I worried because if you are a commercial launch operator (that is, you are a U.S. entity who is not the U.S. government and you are launching a rocket), you launch from Earth, not from space. The law says so. Specifically, 51 USC 50902, which contains the definitions for the law that applies to how the FAA regulates commercial launch and reentry, says that launch means “to place or try to place a launch vehicle or reentry vehicle and any payload or human being from Earth” in a suborbital trajectory or otherwise in space. Note that it says “from Earth.”
It is a rule of statutory interpretation that we must read all the words in a law Congress has passed. We can’t pretend they’re not there. So, when Congress says “from Earth,” Congress means “from Earth.” If you are a commercial operator returning to Earth, you are reentering, not launching.
So what’s the problem? This is the problem: not everyone knows that different laws, different agreements, might define things differently. Communications break down. People spend money unnecessarily or think that a law doesn’t apply. Or, worse, the government thinks a law applies when it doesn’t.
Persons gleaning from the IGA that they could launch to Earth might think they needed an FAA launch license. At one point, the Department of Transportation itself tried to say as much. (Before the space transportation regulatory office moved to the FAA, it was located in the Department of Transportation (DOT) as the Office of Commercial Space Transportation.)
When Congress first passed what was then called the Commercial Space Launch Act in 1984 (CSLA), long before it became 51 USC ch. 509, the CSLA did not define launch as taking place “from Earth.” DOT took this as permission to try to license a reentry from orbit, under the theory that the vehicle was “launching” to Earth. The Chairman of the House Subcommittee on Space admonished DOT for its attempt to exceed its jurisdiction–in other words, for trying to exercise more authority than Congress had granted it. Commercial Space Transportation Reusable Launch Vehicle and Reentry Licensing Regulations, Notice of Proposed Rulemaking, 64 Fed. Reg. 19626, 19628 (Apr. 21, 1999). Congress then clarified the definition of launch by making it clear that launches take place from Earth rather than from orbit. Also, Congress revised its law to grant the FAA authority over reentry, which 51 USC 50902 defines to mean “to return or attempt to return, purposefully, a reentry vehicle and its payload or human beings, if any, from Earth orbit or from outer space to Earth.”
I think it was Winston Churchill who said that Great Britain and the United States were two people separated by a common language. (He was witty, Churchill was). The same concern appears to apply here. Yes, NASA and the FAA use the same words a lot of the time; but, no, they don’t always mean the same thing.

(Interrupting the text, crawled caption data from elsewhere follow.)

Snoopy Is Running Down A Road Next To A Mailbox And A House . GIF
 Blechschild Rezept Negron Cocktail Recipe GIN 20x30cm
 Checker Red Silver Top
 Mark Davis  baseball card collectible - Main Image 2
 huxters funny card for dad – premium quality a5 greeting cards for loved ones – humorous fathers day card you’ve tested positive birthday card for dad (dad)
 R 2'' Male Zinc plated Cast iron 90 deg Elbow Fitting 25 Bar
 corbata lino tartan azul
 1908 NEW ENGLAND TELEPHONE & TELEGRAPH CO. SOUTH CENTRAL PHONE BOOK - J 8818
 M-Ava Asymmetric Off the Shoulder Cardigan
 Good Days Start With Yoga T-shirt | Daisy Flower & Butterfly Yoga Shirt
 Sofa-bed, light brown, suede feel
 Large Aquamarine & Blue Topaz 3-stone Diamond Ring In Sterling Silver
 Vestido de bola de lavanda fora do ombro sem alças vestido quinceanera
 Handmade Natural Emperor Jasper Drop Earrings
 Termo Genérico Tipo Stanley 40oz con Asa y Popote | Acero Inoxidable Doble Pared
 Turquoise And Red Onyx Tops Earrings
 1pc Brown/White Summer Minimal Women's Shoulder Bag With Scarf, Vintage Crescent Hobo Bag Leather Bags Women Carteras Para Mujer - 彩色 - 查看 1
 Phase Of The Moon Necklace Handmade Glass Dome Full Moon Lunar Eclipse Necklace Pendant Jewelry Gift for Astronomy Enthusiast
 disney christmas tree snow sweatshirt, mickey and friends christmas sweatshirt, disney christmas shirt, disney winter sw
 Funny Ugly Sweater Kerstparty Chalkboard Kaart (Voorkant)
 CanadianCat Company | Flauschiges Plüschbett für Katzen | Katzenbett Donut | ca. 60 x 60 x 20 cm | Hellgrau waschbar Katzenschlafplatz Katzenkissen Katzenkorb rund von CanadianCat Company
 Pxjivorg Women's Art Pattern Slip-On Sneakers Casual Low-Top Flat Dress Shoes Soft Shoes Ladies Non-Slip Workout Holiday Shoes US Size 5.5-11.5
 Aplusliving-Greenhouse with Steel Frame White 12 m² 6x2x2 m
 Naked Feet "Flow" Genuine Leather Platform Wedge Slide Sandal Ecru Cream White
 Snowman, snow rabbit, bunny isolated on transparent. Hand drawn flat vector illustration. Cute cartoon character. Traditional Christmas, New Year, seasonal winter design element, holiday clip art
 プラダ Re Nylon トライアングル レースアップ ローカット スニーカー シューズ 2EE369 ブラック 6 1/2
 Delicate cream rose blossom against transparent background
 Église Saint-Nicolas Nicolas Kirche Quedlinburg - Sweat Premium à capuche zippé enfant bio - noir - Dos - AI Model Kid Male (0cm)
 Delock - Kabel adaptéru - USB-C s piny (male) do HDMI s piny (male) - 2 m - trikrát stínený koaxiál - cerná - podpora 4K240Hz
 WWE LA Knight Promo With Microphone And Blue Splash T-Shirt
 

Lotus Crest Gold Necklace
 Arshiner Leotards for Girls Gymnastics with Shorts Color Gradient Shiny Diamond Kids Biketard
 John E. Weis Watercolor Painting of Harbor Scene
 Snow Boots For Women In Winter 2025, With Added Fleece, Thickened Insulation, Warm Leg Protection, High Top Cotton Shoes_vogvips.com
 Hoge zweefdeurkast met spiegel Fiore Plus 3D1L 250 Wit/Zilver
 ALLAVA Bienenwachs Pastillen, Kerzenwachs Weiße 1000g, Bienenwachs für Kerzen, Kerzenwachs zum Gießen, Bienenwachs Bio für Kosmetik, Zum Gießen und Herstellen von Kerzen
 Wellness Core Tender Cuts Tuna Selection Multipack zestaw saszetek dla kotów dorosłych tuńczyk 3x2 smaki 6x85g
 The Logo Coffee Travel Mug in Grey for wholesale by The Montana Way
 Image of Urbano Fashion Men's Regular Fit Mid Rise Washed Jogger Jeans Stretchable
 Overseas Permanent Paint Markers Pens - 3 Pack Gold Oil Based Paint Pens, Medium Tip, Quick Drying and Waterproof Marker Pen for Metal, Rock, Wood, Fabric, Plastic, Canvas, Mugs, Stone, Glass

I only have two students who’ve seen the IGA. I don’t know what to do about them, but I won’t ask the rest of them to read it. It’s not on the syllabus. I will keep them safe.
Good point – would Article VII of the UN OST cover? “from whose territory” if cubesats are launched from the Japanese module of the ISS? Yet this opens a whole other set of issues… Do the ISS partners cover this in their MOU or other agreements?
Maybe, but I don’t think we need to answer that question when the better fitting “facility” criteria is available.. In addressing liability, Article VII of the Outer Space Treaty allows for 4 different ways for a country to be internationally responsible for damage:
Each State Party to the Treaty that launches or procures the launching of an object into outer space, including the moon and other celestial bodies, and each State Party from whose territory or facility an object is launched, is internationally liable for damage to another State Party to the Treaty or to its natural or juridical persons by such object or its component parts on the Earth, in air or in outer space, including the moon and other celestial bodies.
A country may be internationally liable for damage if it:
1. launches something
2. procures a launch
3. a launch takes place from its territory, or
4. a launch takes place from its facility
You could probably argue the Japanese module is a facility. Someone else could argue that the whole ISS is a facility and everyone is responsible.